Dataset items:
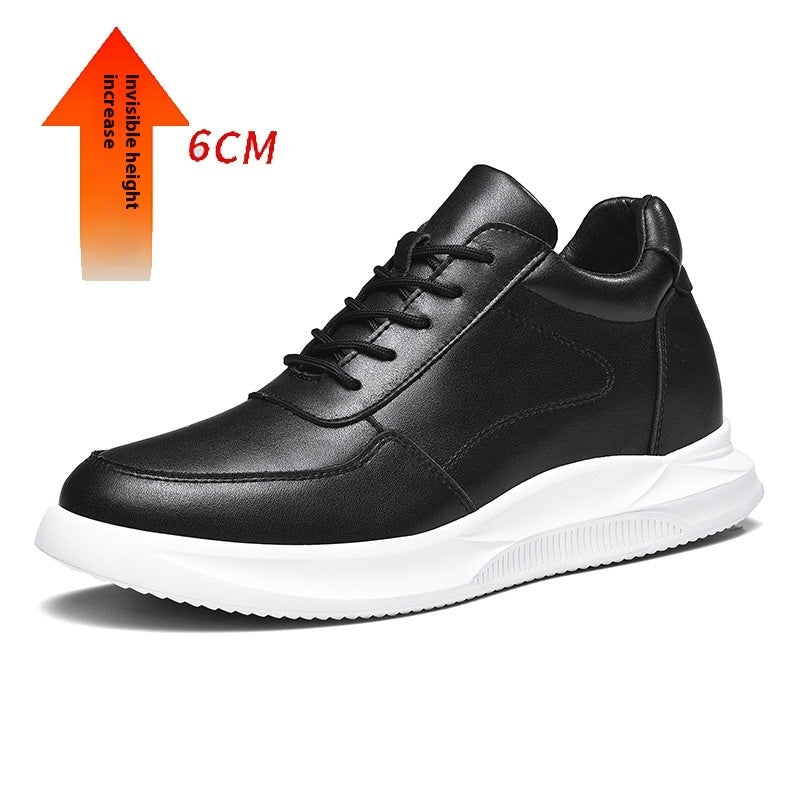 Zapatillas Deportivas Casuales de Hombre con Alzas Internas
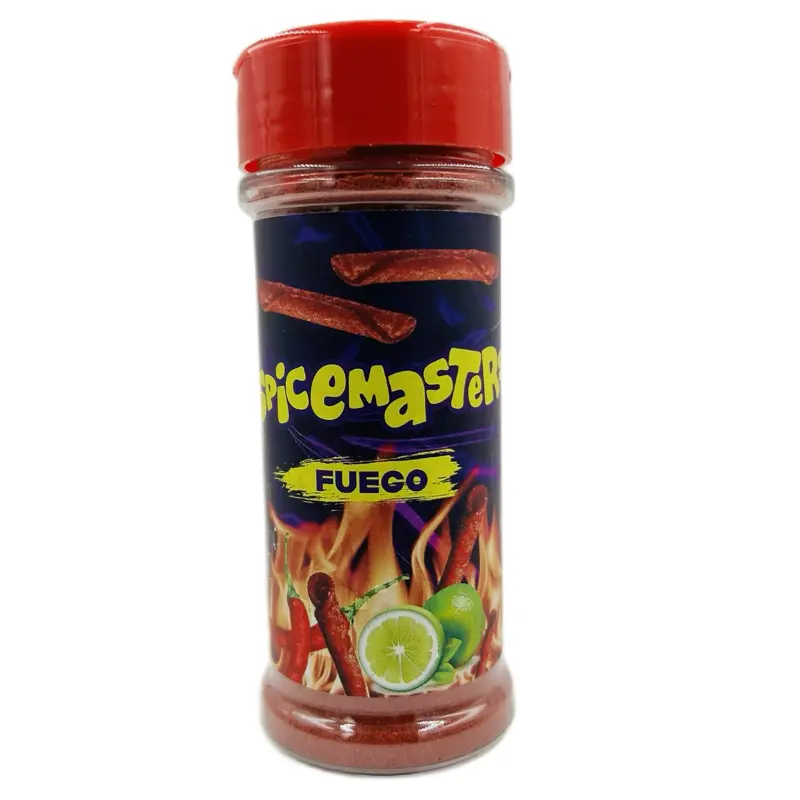 Spicemasters: FUEGO Seasoning Blend Natural Spice Mix Chile Flavor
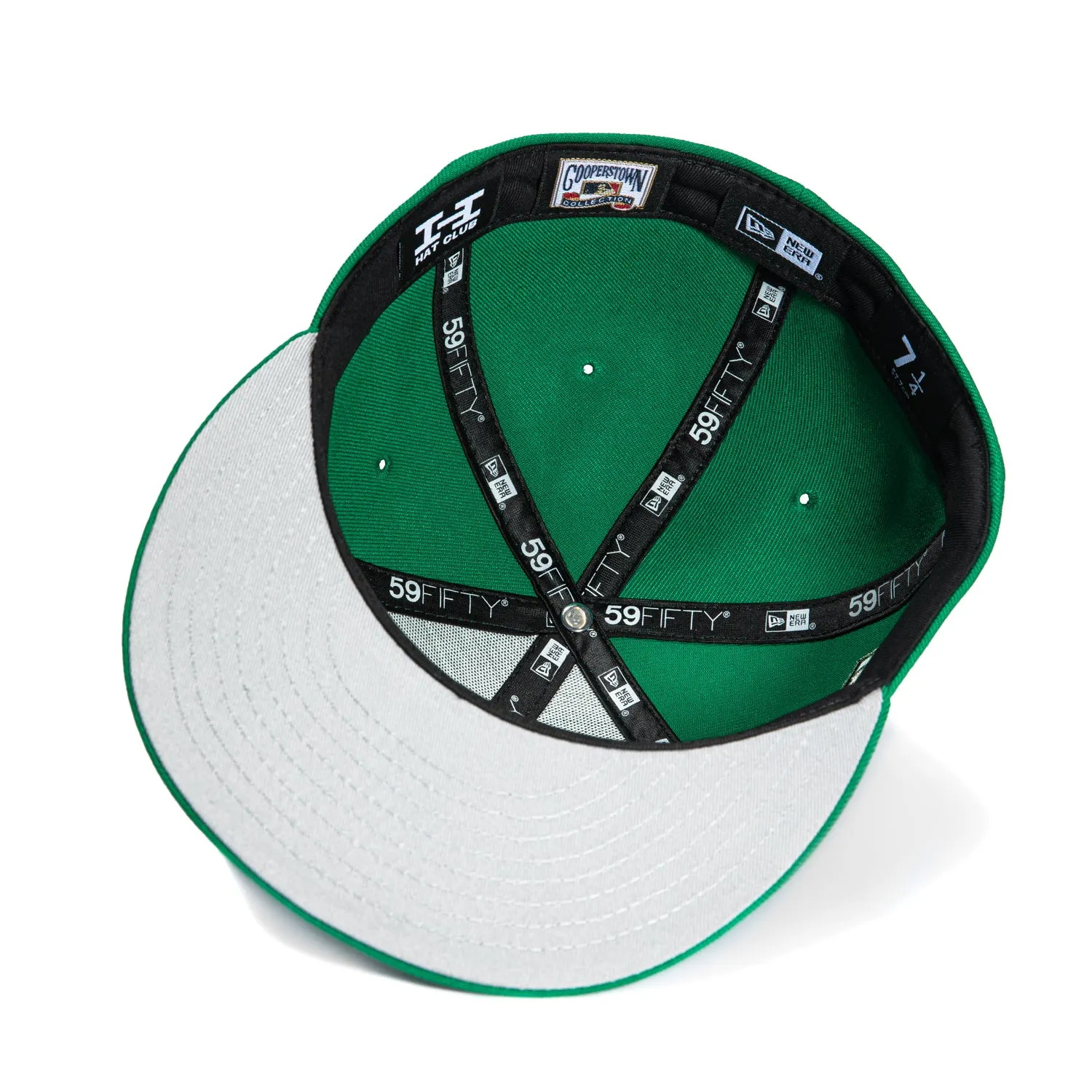 New Era 59Fifty Arizona Diamondbacks Inaugural Patch D Hat - Kelly Green. Metallic Gold
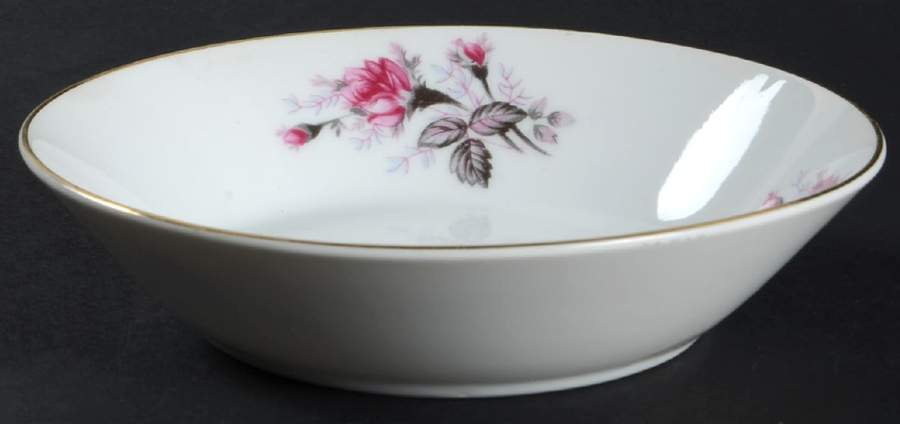 Michael Fruit/Dessert (Sauce) Bowl by Fortune (Japan)-1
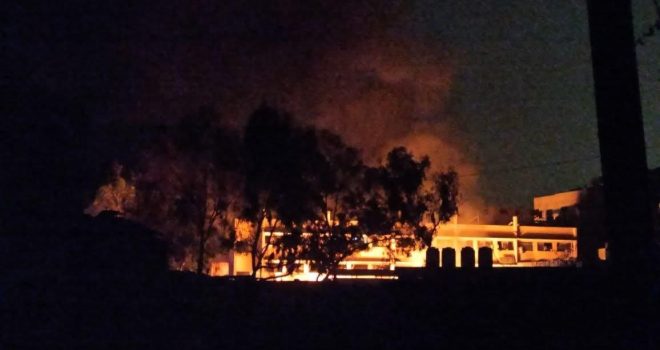 New massacre: 10 martyrs burned to death, others wounded in targeting of displaced people’s tents at Yafa School, east of Gaza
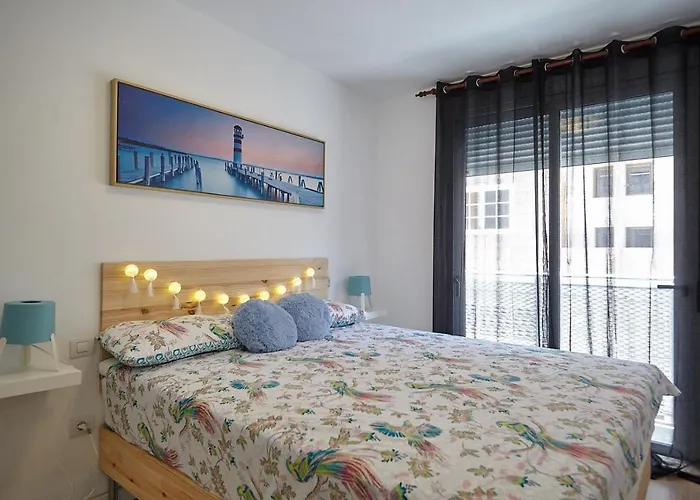 Sol Y Mar I * لاس غاليتاس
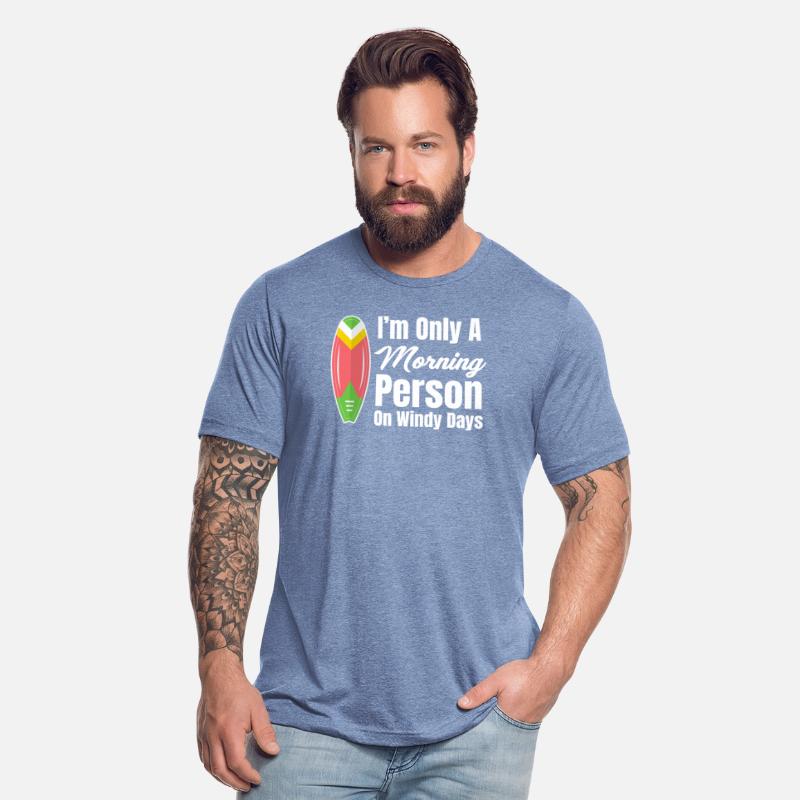 I'm Only A Morning Person On Windy Days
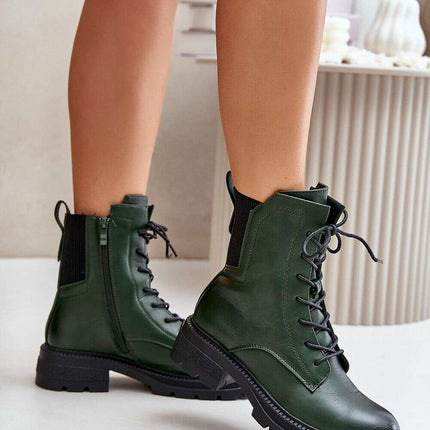 Bootie model 202054 - Très Elite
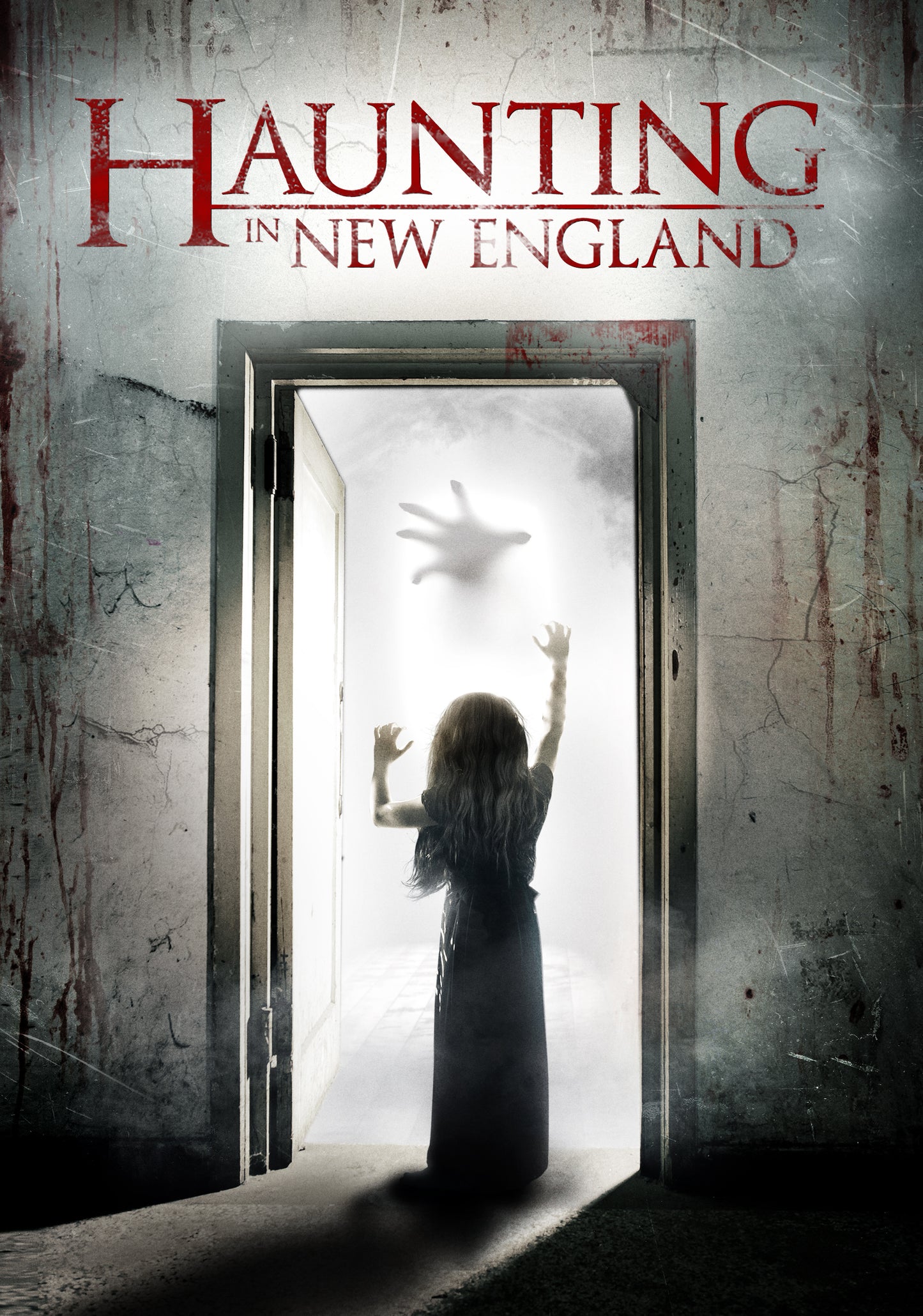 Haunting in New England cover art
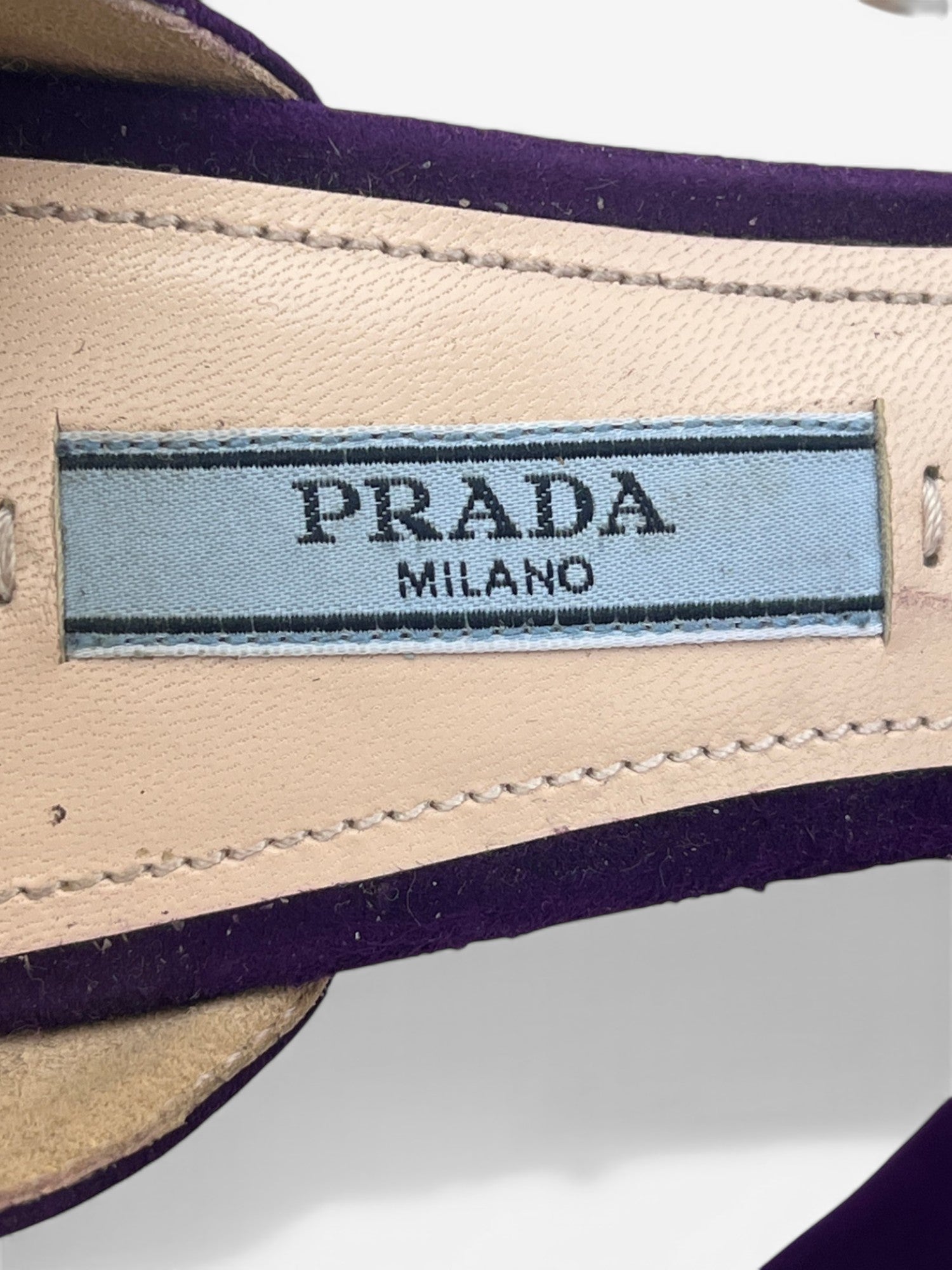 Prada Pumps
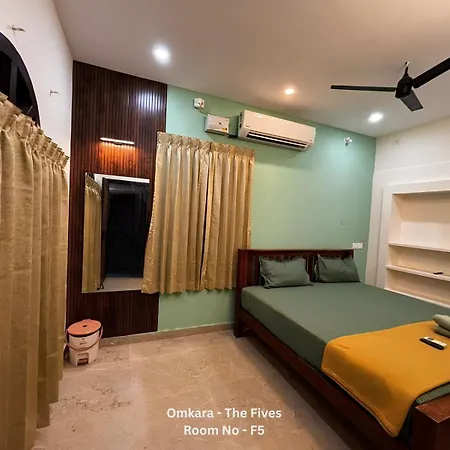 Omkara - The Fives Guest House-2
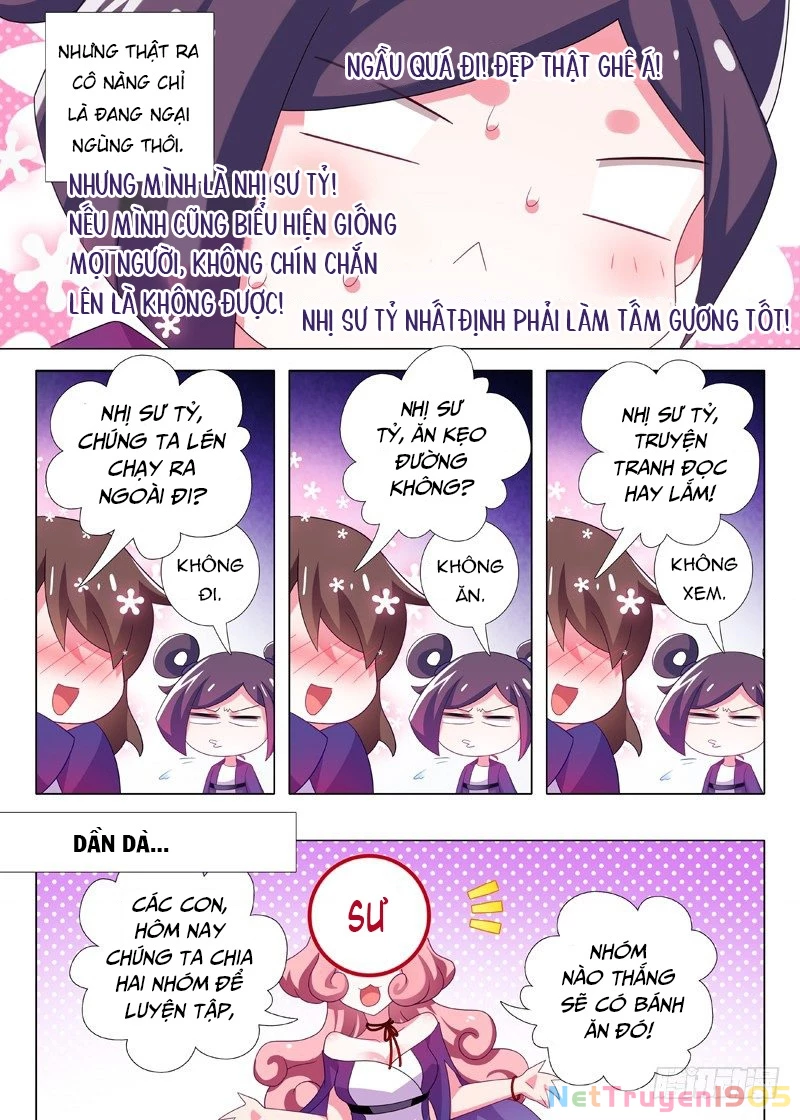 Ta Không Phải Là Giáo Chủ Chapter 123.5 - Trang 2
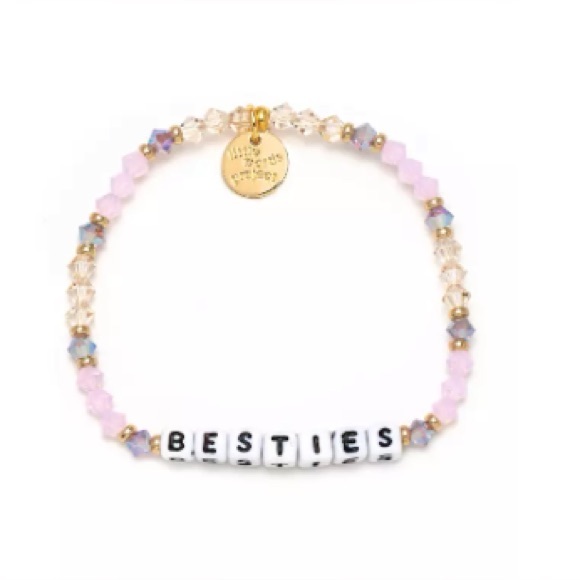 Little Words Project Jewelry - NEW Little Words Project Besties Bracelets (two)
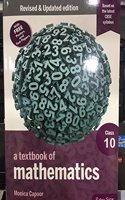 A Textbook of Mathematics 10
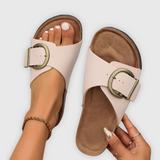 Aurora – Sandalias con entrada suave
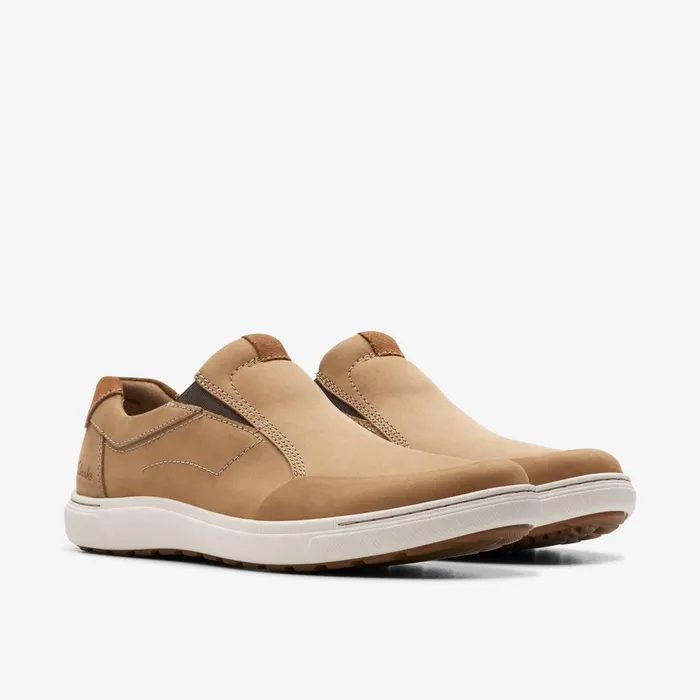 Mapstone Step Sand Nubuck Men Clarks Sneakers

* _Task description_: In the data above, find the line containing "Little Words Project Jewelry"; from there, please write out each line through the end, exactly, with the pictures omitted.

* _Final answer_:
 Little Words Project Jewelry - NEW Little Words Project Besties Bracelets (two)
 A Textbook of Mathematics 10
 Aurora – Sandalias con entrada suave
 Mapstone Step Sand Nubuck Men Clarks Sneakers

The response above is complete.